Whatever has to do with surfing is cool. Living near the ocean is an obvious plus. Oceans are cool, especially on warm days.
It’s not uncommon for even people who do not surf to be attracted to brands selling surf gear, apparel, and other surf-related products. That’s just how popular surfing is.
Thus, you must agree that surfing events and competitions are not the last cool thing on our list! It’s fun to watch them.
We get a thrill watching them. Surfing heroes like them inspire us. As well as that, it feels good to see people slay in the water.
How Do Surfing Competitions Work?
Surfing is a fun sport. But it can be confusing when there are contests and competitions.
As we don’t want you to look clueless at the next surfing event, we’ve broken the information down for you.
When you are done with this, you will be able to discuss heats, priorities, and wildcards with confidence.
Additionally, you will be confident in your ability to speak about it.
Regulations And Rules
Like other competitions, surf competitions are divided into international competitions and national competitions.
Heats are generally required for a surfer to move on to the next round.
In addition to the Championship Tours (CT), the Qualifying Series (QS), the Junior Championships, the Big Wave Tour, and XXL Big Wave Awards, the World Surf League (WSL) synchronizes international professional surfing competition tours annually.

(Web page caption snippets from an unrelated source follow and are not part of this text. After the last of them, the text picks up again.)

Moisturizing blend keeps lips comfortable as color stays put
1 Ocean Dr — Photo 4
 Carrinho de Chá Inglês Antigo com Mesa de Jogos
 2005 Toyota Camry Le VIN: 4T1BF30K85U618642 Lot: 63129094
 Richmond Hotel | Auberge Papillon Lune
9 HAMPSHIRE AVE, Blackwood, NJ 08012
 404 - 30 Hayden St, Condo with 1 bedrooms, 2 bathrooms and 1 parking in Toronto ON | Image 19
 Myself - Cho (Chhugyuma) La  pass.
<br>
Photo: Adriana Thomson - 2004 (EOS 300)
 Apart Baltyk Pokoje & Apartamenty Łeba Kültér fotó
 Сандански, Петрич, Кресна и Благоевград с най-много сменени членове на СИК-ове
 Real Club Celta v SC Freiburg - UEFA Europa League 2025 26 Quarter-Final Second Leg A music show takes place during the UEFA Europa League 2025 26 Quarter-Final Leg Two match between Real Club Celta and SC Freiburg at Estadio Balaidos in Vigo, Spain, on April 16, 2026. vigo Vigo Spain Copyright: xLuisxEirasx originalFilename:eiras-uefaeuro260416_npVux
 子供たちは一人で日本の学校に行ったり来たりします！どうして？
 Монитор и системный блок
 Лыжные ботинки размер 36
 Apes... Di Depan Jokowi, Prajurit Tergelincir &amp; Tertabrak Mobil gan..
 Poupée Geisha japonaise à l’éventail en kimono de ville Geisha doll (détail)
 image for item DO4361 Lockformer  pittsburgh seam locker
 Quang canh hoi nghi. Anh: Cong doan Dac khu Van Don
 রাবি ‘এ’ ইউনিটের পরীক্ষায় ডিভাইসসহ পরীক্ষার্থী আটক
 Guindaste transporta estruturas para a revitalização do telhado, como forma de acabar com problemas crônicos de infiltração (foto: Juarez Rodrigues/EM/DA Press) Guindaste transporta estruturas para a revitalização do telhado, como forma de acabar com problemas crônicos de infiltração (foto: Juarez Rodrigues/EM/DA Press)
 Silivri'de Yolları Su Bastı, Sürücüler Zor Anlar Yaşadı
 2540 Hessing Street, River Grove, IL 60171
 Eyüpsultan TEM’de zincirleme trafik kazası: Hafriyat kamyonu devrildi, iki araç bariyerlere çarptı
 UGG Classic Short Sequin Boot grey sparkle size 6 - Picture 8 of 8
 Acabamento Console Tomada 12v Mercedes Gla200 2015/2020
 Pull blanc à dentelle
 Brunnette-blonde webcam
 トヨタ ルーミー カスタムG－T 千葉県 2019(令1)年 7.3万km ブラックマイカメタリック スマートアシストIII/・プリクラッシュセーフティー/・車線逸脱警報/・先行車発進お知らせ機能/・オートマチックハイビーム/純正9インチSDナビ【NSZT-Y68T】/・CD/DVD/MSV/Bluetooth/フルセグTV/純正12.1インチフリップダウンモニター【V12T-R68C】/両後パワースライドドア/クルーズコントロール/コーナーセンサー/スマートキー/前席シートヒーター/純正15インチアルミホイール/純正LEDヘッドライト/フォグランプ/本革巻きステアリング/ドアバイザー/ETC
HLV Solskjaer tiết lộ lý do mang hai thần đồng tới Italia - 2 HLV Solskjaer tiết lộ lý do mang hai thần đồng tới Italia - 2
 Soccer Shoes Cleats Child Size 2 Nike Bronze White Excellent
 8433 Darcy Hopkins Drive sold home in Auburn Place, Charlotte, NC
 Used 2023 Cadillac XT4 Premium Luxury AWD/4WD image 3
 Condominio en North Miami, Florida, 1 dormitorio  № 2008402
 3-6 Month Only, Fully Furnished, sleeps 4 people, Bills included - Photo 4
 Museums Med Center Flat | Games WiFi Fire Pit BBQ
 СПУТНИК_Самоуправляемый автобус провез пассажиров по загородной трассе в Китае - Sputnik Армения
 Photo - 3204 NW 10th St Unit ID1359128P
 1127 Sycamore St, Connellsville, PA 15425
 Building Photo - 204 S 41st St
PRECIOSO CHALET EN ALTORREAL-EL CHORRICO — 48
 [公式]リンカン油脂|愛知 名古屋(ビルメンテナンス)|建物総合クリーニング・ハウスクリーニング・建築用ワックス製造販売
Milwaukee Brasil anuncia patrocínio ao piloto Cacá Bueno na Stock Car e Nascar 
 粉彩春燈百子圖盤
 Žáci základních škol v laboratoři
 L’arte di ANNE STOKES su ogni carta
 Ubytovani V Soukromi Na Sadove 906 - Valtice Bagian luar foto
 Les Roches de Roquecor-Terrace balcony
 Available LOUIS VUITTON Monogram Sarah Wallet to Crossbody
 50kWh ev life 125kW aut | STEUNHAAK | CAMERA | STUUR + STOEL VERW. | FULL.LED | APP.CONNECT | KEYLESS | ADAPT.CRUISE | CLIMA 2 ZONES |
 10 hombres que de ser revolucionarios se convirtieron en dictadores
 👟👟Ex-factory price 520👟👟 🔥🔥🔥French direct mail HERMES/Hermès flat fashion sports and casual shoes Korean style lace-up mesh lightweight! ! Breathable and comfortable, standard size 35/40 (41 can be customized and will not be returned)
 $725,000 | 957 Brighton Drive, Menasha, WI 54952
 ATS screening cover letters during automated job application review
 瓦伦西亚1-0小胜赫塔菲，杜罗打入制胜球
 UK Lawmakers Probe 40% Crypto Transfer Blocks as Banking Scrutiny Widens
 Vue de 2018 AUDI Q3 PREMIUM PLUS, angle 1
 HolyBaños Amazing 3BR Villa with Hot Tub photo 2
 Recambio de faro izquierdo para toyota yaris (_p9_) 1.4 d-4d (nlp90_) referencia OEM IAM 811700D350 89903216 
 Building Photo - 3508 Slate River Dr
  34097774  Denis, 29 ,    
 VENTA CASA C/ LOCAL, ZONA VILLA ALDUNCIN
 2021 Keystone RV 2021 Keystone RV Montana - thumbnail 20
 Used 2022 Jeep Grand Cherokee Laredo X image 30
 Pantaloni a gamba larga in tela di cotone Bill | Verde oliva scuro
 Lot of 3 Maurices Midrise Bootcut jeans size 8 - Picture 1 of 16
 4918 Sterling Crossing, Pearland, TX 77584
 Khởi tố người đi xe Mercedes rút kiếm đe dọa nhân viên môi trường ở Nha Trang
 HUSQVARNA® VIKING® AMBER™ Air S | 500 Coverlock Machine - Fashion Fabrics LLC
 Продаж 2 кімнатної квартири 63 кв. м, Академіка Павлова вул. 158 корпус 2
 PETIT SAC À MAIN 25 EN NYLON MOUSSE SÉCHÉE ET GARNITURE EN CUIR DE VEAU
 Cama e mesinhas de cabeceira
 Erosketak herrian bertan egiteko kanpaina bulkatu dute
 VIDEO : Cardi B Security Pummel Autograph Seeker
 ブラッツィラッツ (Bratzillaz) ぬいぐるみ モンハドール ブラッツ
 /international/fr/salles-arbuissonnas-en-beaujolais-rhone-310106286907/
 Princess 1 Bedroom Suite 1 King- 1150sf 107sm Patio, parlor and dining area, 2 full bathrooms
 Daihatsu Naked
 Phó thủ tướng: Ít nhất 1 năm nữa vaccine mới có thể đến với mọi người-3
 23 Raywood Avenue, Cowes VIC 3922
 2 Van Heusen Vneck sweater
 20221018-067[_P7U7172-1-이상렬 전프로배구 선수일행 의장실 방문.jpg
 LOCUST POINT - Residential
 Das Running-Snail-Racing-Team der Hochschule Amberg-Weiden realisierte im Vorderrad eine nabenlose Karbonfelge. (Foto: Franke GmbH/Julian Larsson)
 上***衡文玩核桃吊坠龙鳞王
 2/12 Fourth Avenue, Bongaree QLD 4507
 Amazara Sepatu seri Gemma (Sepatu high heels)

It is worthwhile to learn the rules while watching the sport, despite the fact that they are not complicated.
In most cases, these rules ensure the safety of the athletes, fairness of competitions, and most importantly, a positive surfing environment during live competitions.
The basics of WSL are:
- Points and judging
- Restarting the Heat
- The use of drugs and doping
Points And Judging
Rounds made up of heats make up a surfing event. A minimum of two and a maximum of four athletes compete at a time in a heat – all from a predetermined competition zone.
The best waves can only be caught and ridden for a maximum of twenty to thirty minutes.
For this heat, surfers are likely to score the most points from two waves – both 10 points or more for up to 20 points. Five judges will grade each wave on a scale of 1-10.
Each ride is completed with the rider receiving the average of all scores and both the highest and lowest scores are discounted.
Scoring will be based on the following elements:
- Amount of difficulty and commitment
- Initial and progressive maneuvering
- Major maneuvers arranged
- Various maneuvers
- Power, speed, and flow
According to these scales, the following factors are considered:
- 0.0 to 1.9: Poor
- 1.9 – 3.9: Fair
- 4.0 to 5.9: Average
- 6.0 to 7.9: Good
- A score of 8.0 to 10.0 is excellent
According to their individual performance, surfers receive points. A higher score means more points. Each tour accumulates points.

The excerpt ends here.